Valéry Giscard d’Estaing, le Président prisonnier des apparences
Aucun autre président n’aura souffert d’une telle dichotomie entre son apparence d’aristocrate venu de la grande bourgeoisie et la modernité de sa pensée et de ses actes. Et comme il est plus aisé de juger sur les apparences, il a été victime de son image. Les Français sont passés à côté de Valéry Giscard d’Estaing, disparu à 94 ans.
La légalisation du droit à l’avortement, la majorité à 18 ans, le divorce par consentement mutuel, la souveraineté énergétique grâce au développement du nucléaire, une certaine idée de l’Europe avec la réconciliation sincère avec l’Allemagne et avec qui il parlait d’égal à égal, les prémices de la monnaie unique, l’économie adaptée aux contraintes extérieures sont autant de symboles de son ouverture d’esprit et de sa volonté réformatrice.
Son obsession était de moderniser la France. Il y est parvenu et les Français ne lui ont jamais dit. Pourtant, il restera de “ses” années le sentiment que tout était possible, que chacun pouvait s’élever dans la société et non pas rapetisser comme aujourd’hui.
En agriculture, les paysans vivaient de leur métier sans aide publique. Travailler durement était récompensé et, à l’époque, parce que le deuxième choc pétrolier et l’inflation n’avaient pas encore cassé la machine économique, les agriculteurs construisaient et payaient leur maison comptant. Tout un symbole. La souveraineté alimentaire était une évidence jamais remise en cause.

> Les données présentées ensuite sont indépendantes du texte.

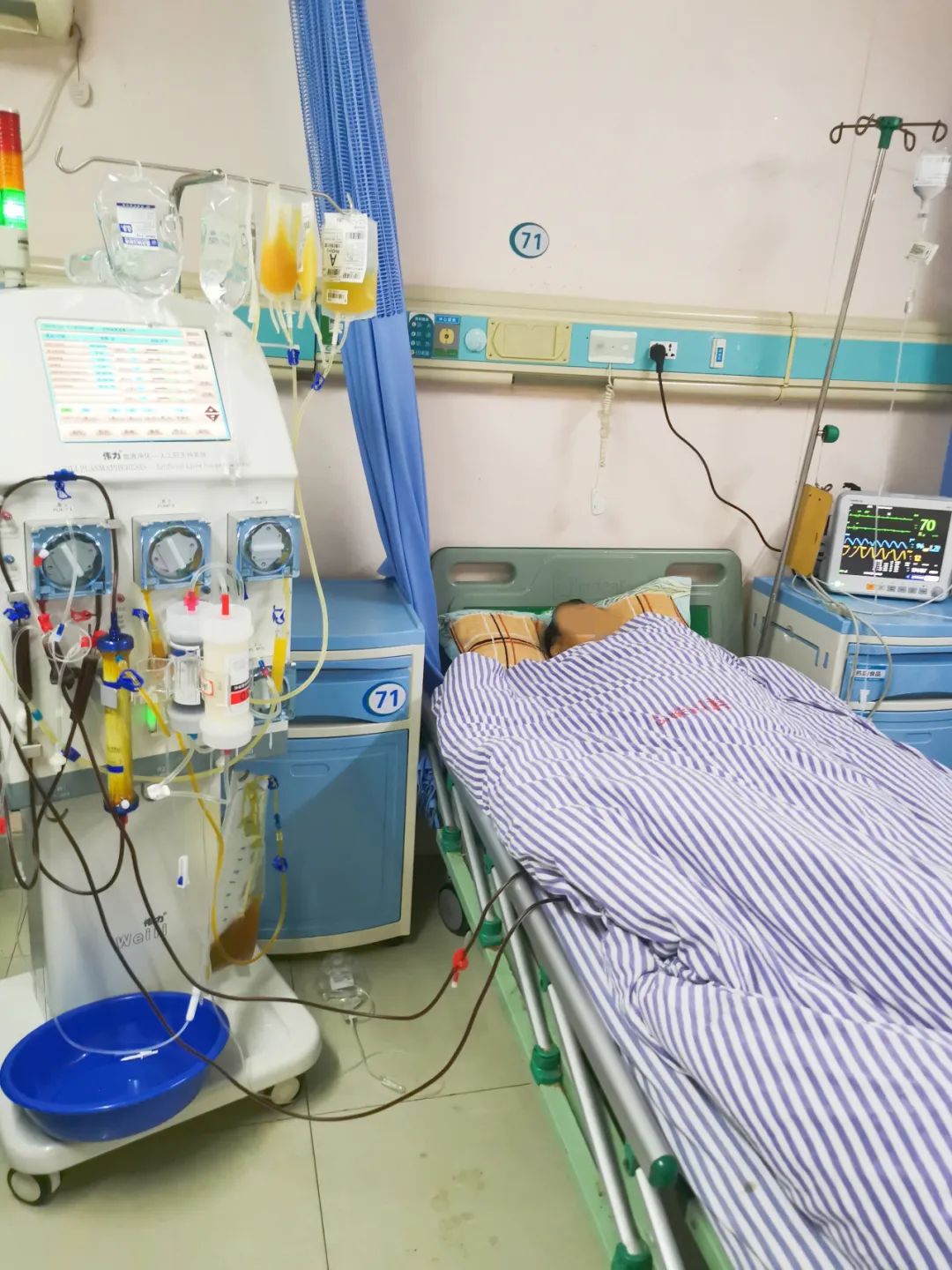 湘潭市中心医院运用“人工肝”技术成功救治一例重症甲亢危象合并肝衰竭患者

D’ailleurs, comme quoi les apparences sont trompeuses, Jacques Chirac, longtemps considéré comme l’ami des agriculteurs, est décédé à Paris entouré de Parisiens. Valéry Giscard d’Estaing sera inhumé sur ses terres du Loir-et-Cher, entouré de ses 200 ha de céréales dont il prenait un soin particulier.
Valéry Giscard d’Estaing symbolise, à lui seul, les années 70 chargées d’insouciance et de tous les possibles. Une certaine liberté d’action et de devenir qui, 40 ans après, a disparu. Liberté d’entreprendre, liberté de penser, liberté de s’exprimer, liberté sexuelle sans contrainte et sans prise de tête.
Valéry Giscard d’Estaing avait, en plus, l’obsession de ne pas encombrer les entrepreneurs et les particuliers de paperasses. Il ne supportait pas les lourdeurs administratives. Lui qui est décédé des suites de la Covid-19 aurait une colère froide dont il était coutumier en voyant que la France va mettre cinq mois à enclencher la vaccination contre le virus alors qu’il aura fallu une semaine au Royaume-Uni. Il détestait voir la France tourner au ralenti de peur qu’elle s’arrête et qu’elle perde de sa grandeur.